In Fig. 3, it is evident that during the initial stages of training, the loss variation trends across the five models are relatively similar, suggesting comparable learning speeds on the dataset at the outset. However, as the number of iterations increases, the TAF-ATRM framework proposed demonstrates a clear advantage. The loss reduction rate of this framework is significantly faster than that of the other models, indicating that it captures the features in the data more efficiently, thereby optimizing the learning process. Eventually, the loss curve for TAF-ATRM stabilizes, suggesting that the model reaches a more stable state in the later stages of training.
In terms of accuracy for the three-class emotion recognition tasks, the TAF-ATRM framework also exhibits superior performance. The final recognition accuracy stabilizes at 0.863, notably outperforming the other models, demonstrating the higher accuracy and robustness in multimodal sentiment analysis. This framework effectively handles complex sentiment classification tasks. The results for the MOSEI dataset are presented in Fig. 4.
Figure 4: Training process and recognition accuracy on the MOSEI dataset.
In Fig. 4, it is evident that the model’s loss variation trend during training closely correlates with its performance on the MOSI dataset. Given that this dataset contains a larger volume of data and more diverse sentiment expressions, the model’s complexity increases during training, leading to a relatively slower decline in loss. This reflects the challenges faced when handling large-scale, heterogeneous data. Nonetheless, the model proposed continues to exhibit stable performance, ultimately achieving an accuracy of 0.849 on the MOSI dataset. Although this is slightly lower compared to smaller datasets, it still underscores the model’s strong sentiment recognition capabilities on larger datasets. This result further validates the model’s effectiveness in managing complex multimodal sentiment analysis tasks, maintaining a high recognition rate despite the increase in data volume.
To more clearly compare the sentiment recognition performance of different models, we present additional comparison metrics under both datasets. The results of other model performance evaluation metrics are shown in Figs. 5 and 6, as well as in Tables 2–4.
Figure 5: The recognition result on the MOSI dataset.
Figure 6: The recognition result on the MOSEI dataset.

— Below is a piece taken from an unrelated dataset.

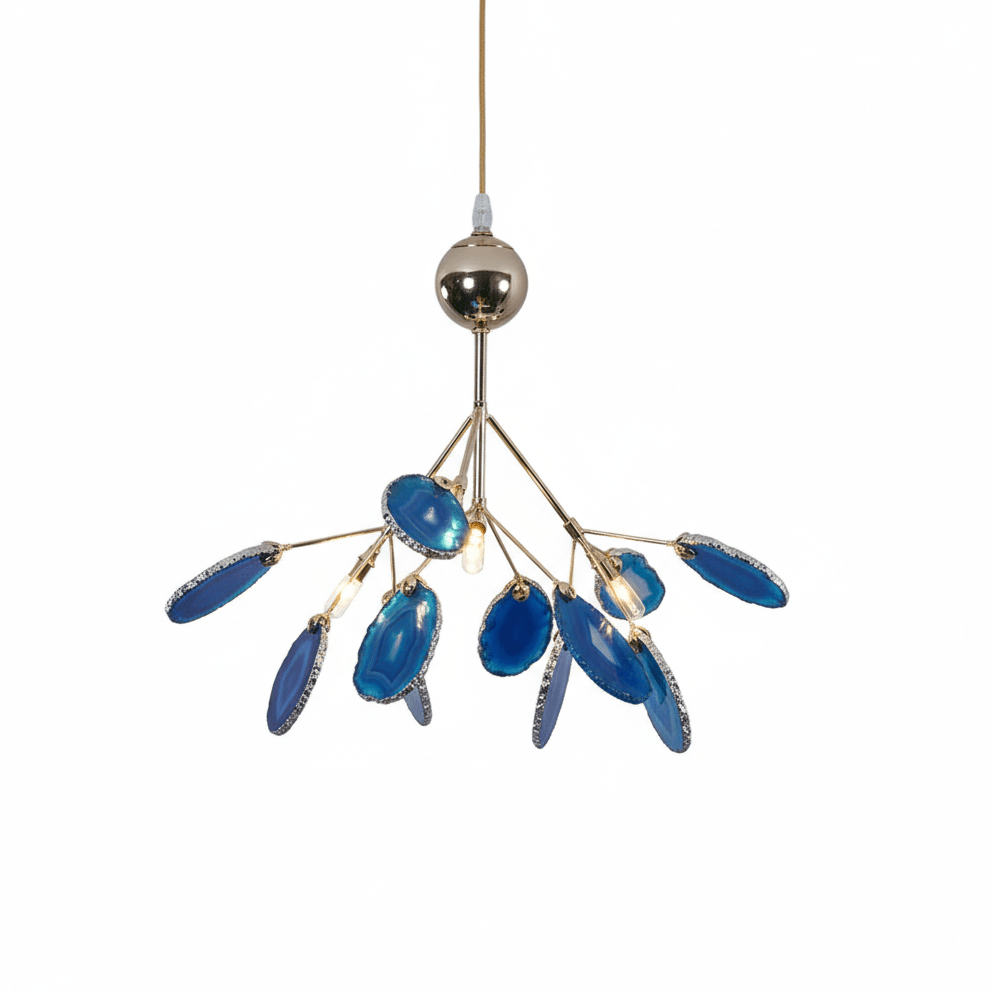 Agate Shard Ceiling Light Lighting Lobby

Method | Precision | Recall | F1-score |
---|---|---|---|
MFN | 0.753 | 0.763 | 0.756 |
RAVEN | 0.759 | 0.781 | 0.769 |
MCTN | 0.772 | 0.739 | 0.755 |
MulT | 0.815 | 0.795 | 0.805 |
TAF-ATRM | 0.859 | 0.873 | 0.866 |
Method | Precision | Recall | F1-score |
---|---|---|---|
MFN | 0.736 | 0.758 | 0.747 |
RAVEN | 0.763 | 0.771 | 0.767 |
MCTN | 0.799 | 0.783 | 0.792 |
MulT | 0.835 | 0.857 | 0.847 |
TAF-ATRM | 0.851 | 0.849 | 0.849 |
By comparing the three key metrics across the two datasets, it is evident that the TAF-ATRM model performs exceptionally well in the emotion recognition task, demonstrating a strong balance between accuracy and robustness. The experimental results show that the model maintains consistent performance across datasets of varying sizes. On the smaller dataset, the TAF-ATRM model achieves F1-score of 0.866, while on the more complex and large-scale dataset, the F1-score remains high at 0.849. This trend mirrors the accuracy metric, highlighting the model’s stable classification ability and robustness across different dataset scales.
The results further validate the effectiveness of the proposed method, demonstrating its exceptional performance in emotion recognition on smaller datasets while also sustaining high accuracy and consistent results on larger, more complex datasets. This underscores the model’s strong generalization capability and its ability to achieve balanced recognition, even when tackling more challenging multimodal sentiment analysis tasks.
At the same time, we provided the corresponding ROC curves for two models, as shown in Fig. 7.
Figure 7: The ROC cure for the model on both datasets.
According to the results shown in Fig. 7, it can be seen that the overall change of the proposed method in the ROC curve is relatively average. The AUC values of TAF-ATRM in both datasets also change relatively evenly, with overall AUC values of 0.688 and 0.726, respectively. Compared with other models, not only is precision better, but the AUC training process is smoother, which can effectively achieve emotion classification and recognition research.
Ablation experiment and practical test analysis
To more thoroughly analyze the impact of different modal information and the integration of various attention modules on model performance, we conducted ablation experiments. The naming conventions for the models used in these experiments were introduced in “Dataset and experiment setup”. Additionally, to better address the issue of multimodal sentiment analysis in cross-cultural communication, we further extracted data from diverse cultural backgrounds. Specifically, we divided the cultural regions based on IP addresses, and then tested the accuracy of sentiment analysis for individuals from each region using the TAF-ATRM model proposed. This allowed us to compare the framework’s effectiveness across different cultural contexts.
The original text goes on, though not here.